▸ THE PROBLEM: Word for word, restate the records that come next, omitting the images.

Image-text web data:
________________

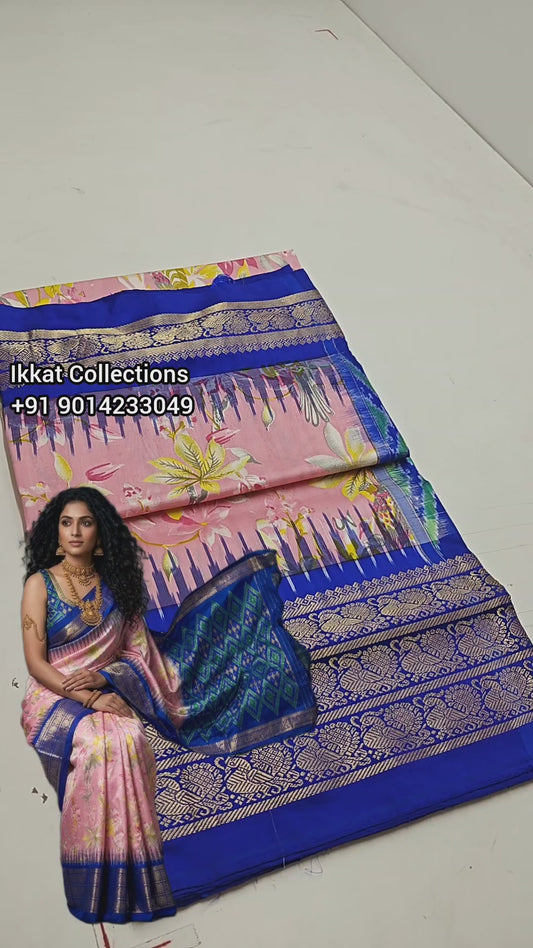 Ikkat Pochampally Handloom Pure Silk Digital Floral Printed Saree With Pallu & Designer Ikkat Blouse | Silk Mark Certified | DS229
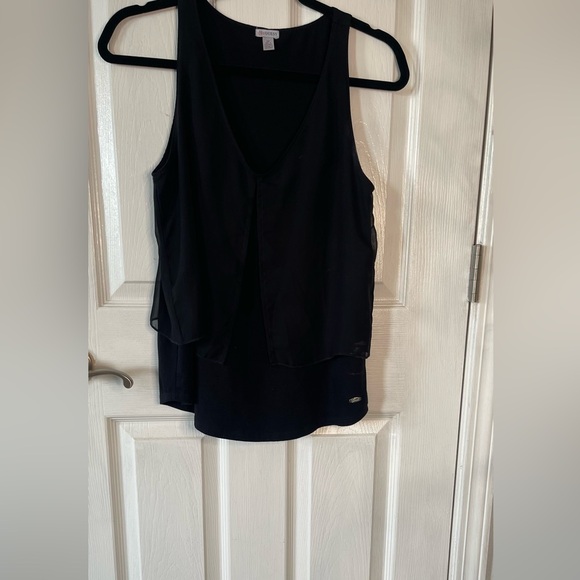 GUESS- Adorable Black Sleeveless Tank Top with sheer Overlay to dress it up! - Picture 6 of 10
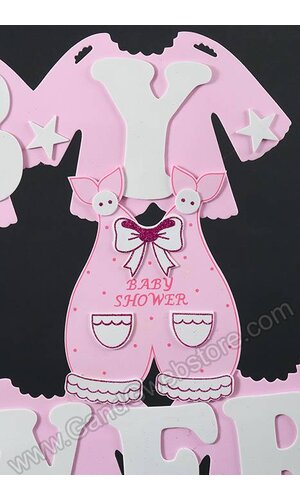 17" X 31" GIRL OVERALL FOAM SIGN W/STREAMER PINK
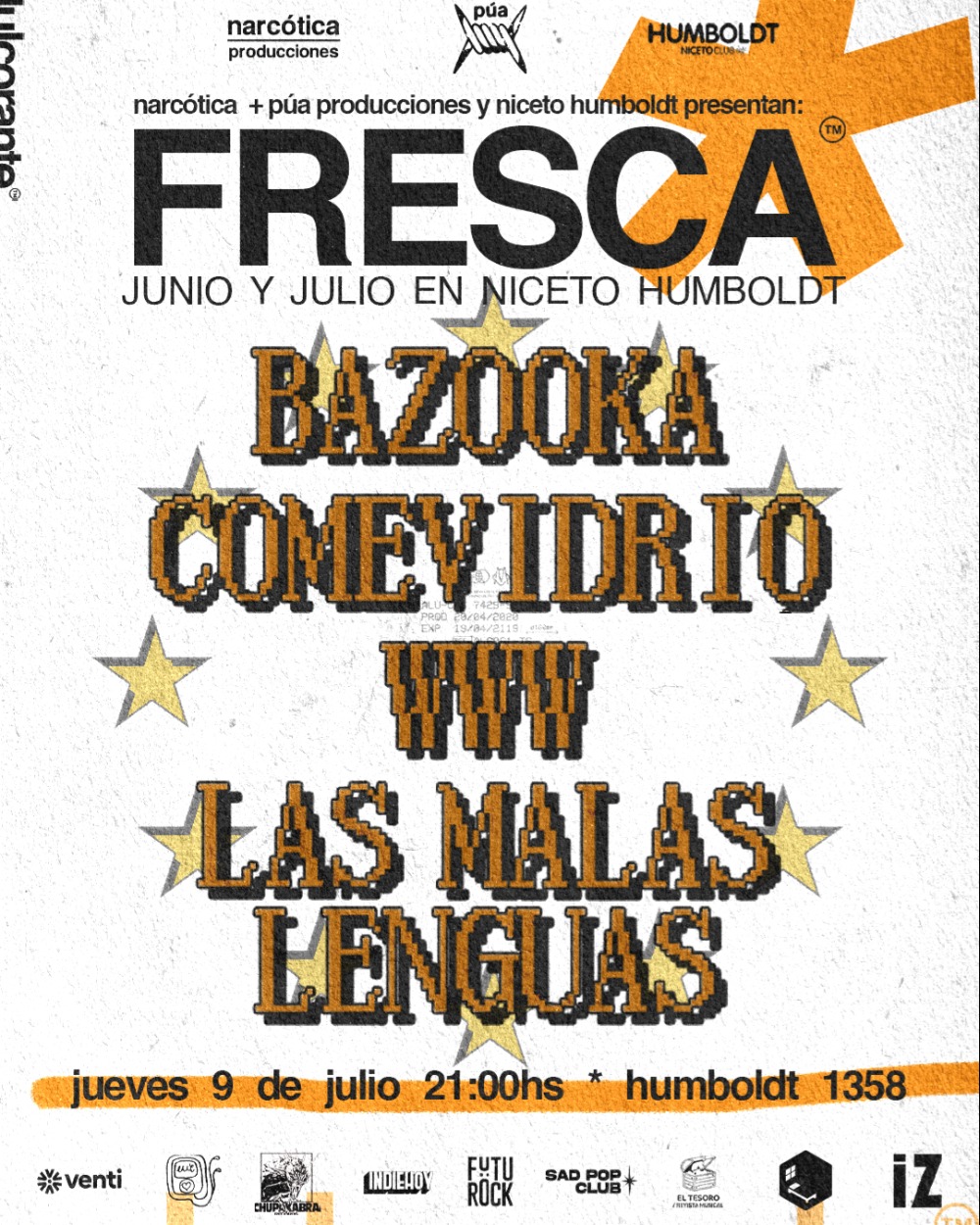 FRESCA DÍA 3 09.07: Bazooka + Comevidrio + WWW + Las Malas Lenguas en Humboldt | Niceto Club (+18 años)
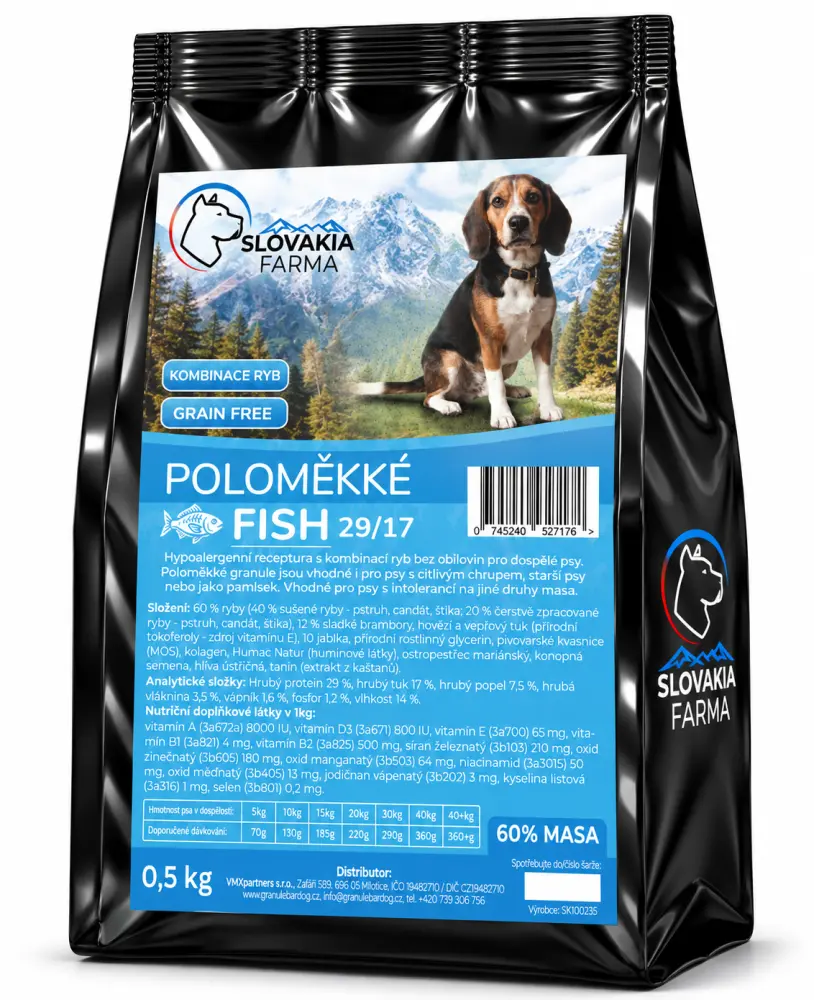 Poloměkké hypoalergenní Granule Slovakia Farma - Fish 29/17 - 0,5 kg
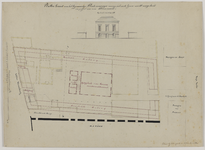 214829 Plattegrond van de geprojecteerde Korenbeurs aan Achter Clarenburg te Utrecht, met omringende galerijen en een ...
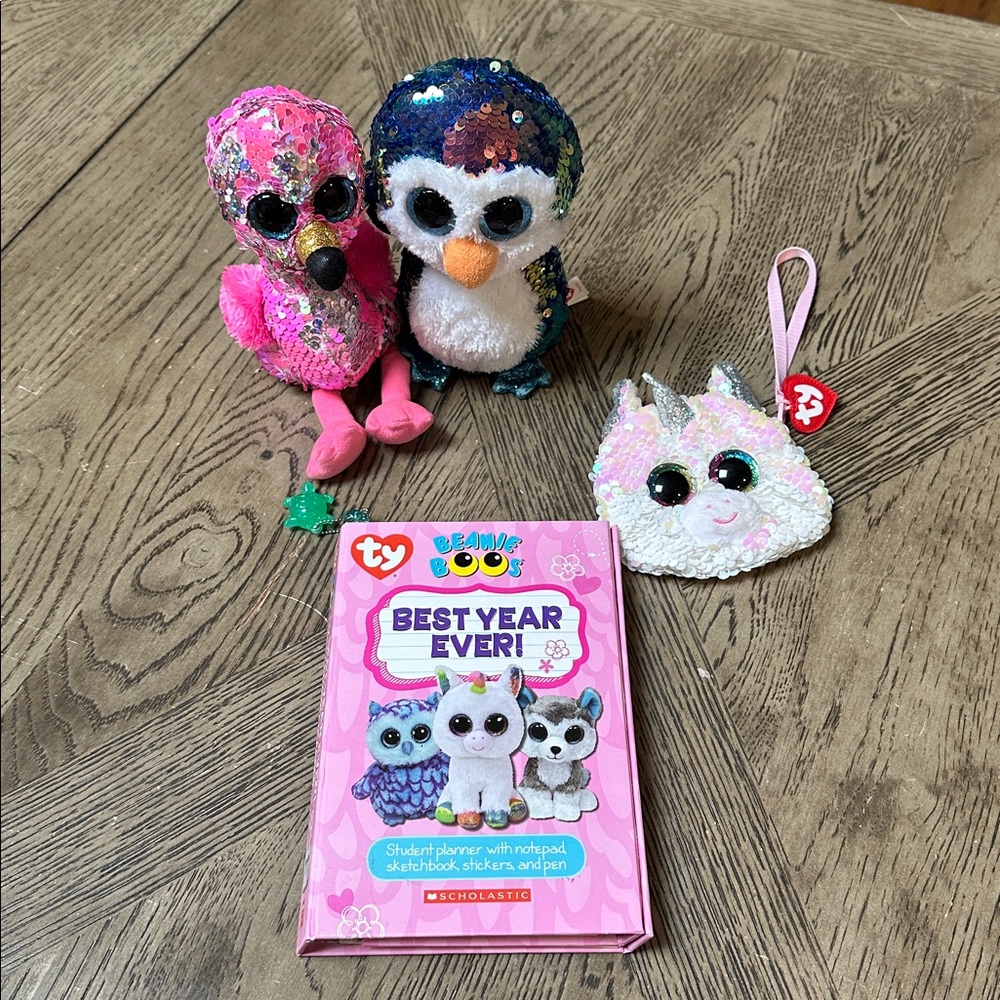 Ty Beanie Boos Plush 4pc bundle with Pink and Blue Accents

________________

▸ ANSWER SPACE:
 Ikkat Pochampally Handloom Pure Silk Digital Floral Printed Saree With Pallu & Designer Ikkat Blouse | Silk Mark Certified | DS229
 GUESS- Adorable Black Sleeveless Tank Top with sheer Overlay to dress it up! - Picture 6 of 10
 17" X 31" GIRL OVERALL FOAM SIGN W/STREAMER PINK
 FRESCA DÍA 3 09.07: Bazooka + Comevidrio + WWW + Las Malas Lenguas en Humboldt | Niceto Club (+18 años)
 Poloměkké hypoalergenní Granule Slovakia Farma - Fish 29/17 - 0,5 kg
 214829 Plattegrond van de geprojecteerde Korenbeurs aan Achter Clarenburg te Utrecht, met omringende galerijen en een ...
 Ty Beanie Boos Plush 4pc bundle with Pink and Blue Accents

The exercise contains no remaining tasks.